There may also be a third factor:
Mass attendance has also decreased over the years. About 36 percent of registered parishioners currently attend Mass on Sundays. [Diocesan spokesman William] Genello was unable to provide a number from prior years, but said there has been a definite decrease.
“When you make a commitment to send your child to Catholic school, it’s an indication of the value you put on your faith as well,” Mr. Genello said. “If the majority of people are not attending Mass, you have to also wonder whether that affects their decision regarding Catholic schools.”
Mr. Genello may be blowing some smoke here in an effort to deflect criticism away from what many see as his employer's management blunders, but it is also possible that he does have a point.
Here in DOR we have seen our Mass attendance rate fall from 32% in 2000 to just under 25% last year. In those same 7 years we also saw tuition skyrocket while Catholic school enrollment plummeted.
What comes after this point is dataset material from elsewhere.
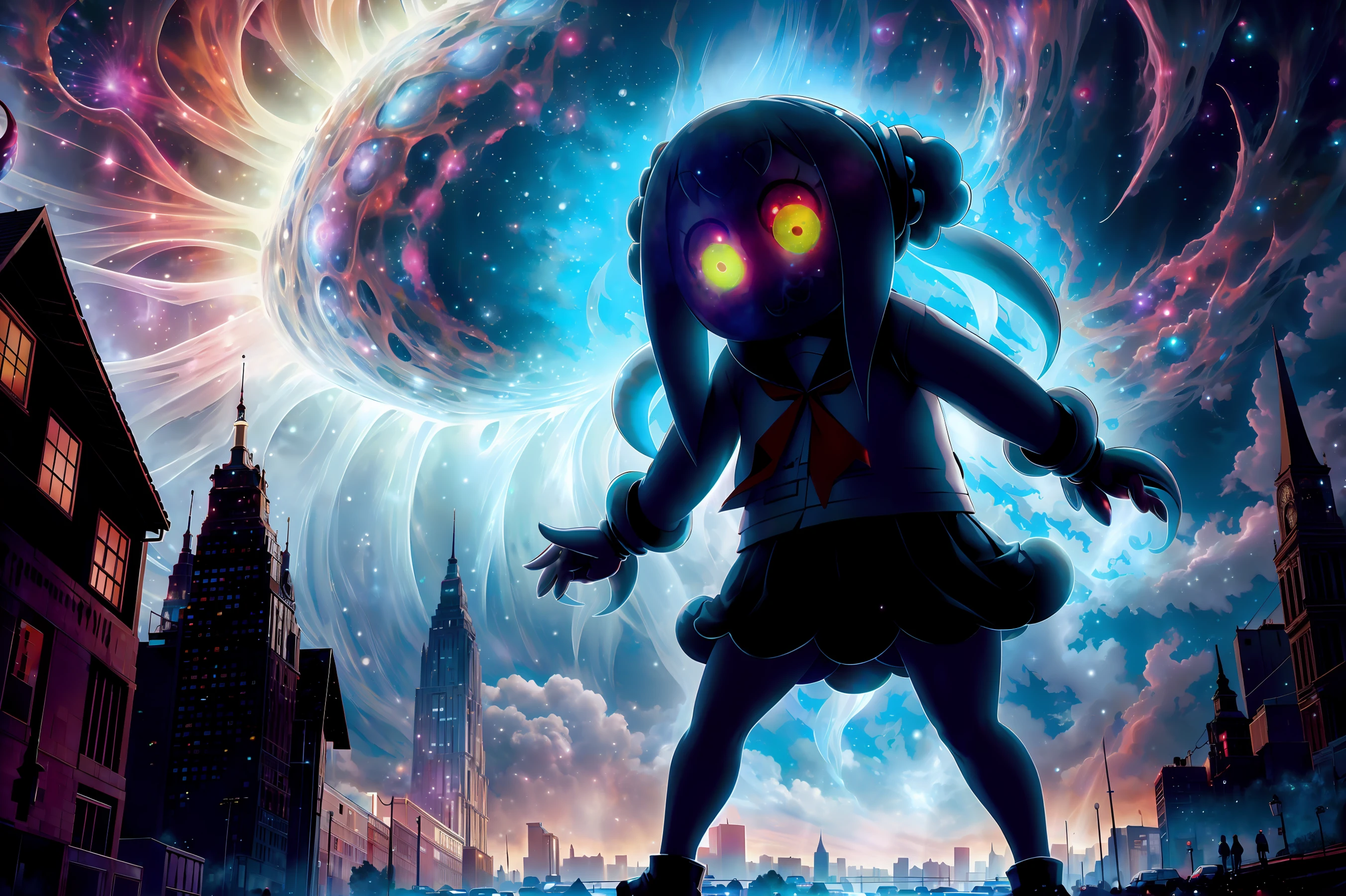 Eldritchtech, Popuko, blonde, tentacles reaching into the city streets, full body, glee, cosmic horror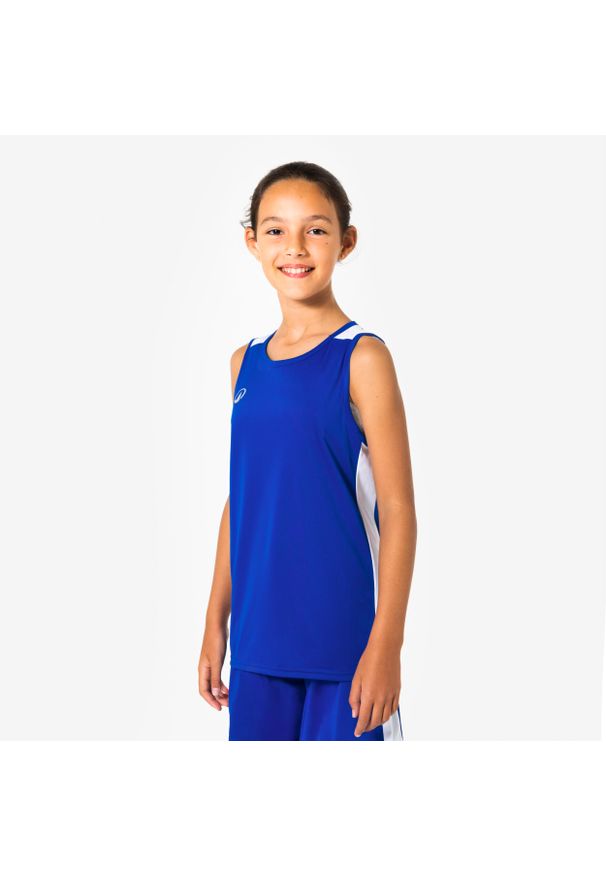 KIPSTA - Koszulka do koszykówki dla dzieci Kipsta Tank 100. Kolor: niebieski. Materiał: poliester, materiał. Sport: koszykówka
I tend to believe that soaring tuition played a much larger role than declining Mass attendance, but I also think it's impossible the discount the latter entirely.
Update: FWIW, I can relate somewhat to Mr. Genello when he says,
"If the majority of people are not attending Mass, you have to wonder whether that affects their decision regarding Catholic schools."
This past year I taught religious ed to a combined group of nine 7th- and 8th-graders. Two of my students attended Mass regularly with their families, one showed up only when it was his/her turn to serve, and the other six came on Christmas and Easter, maybe.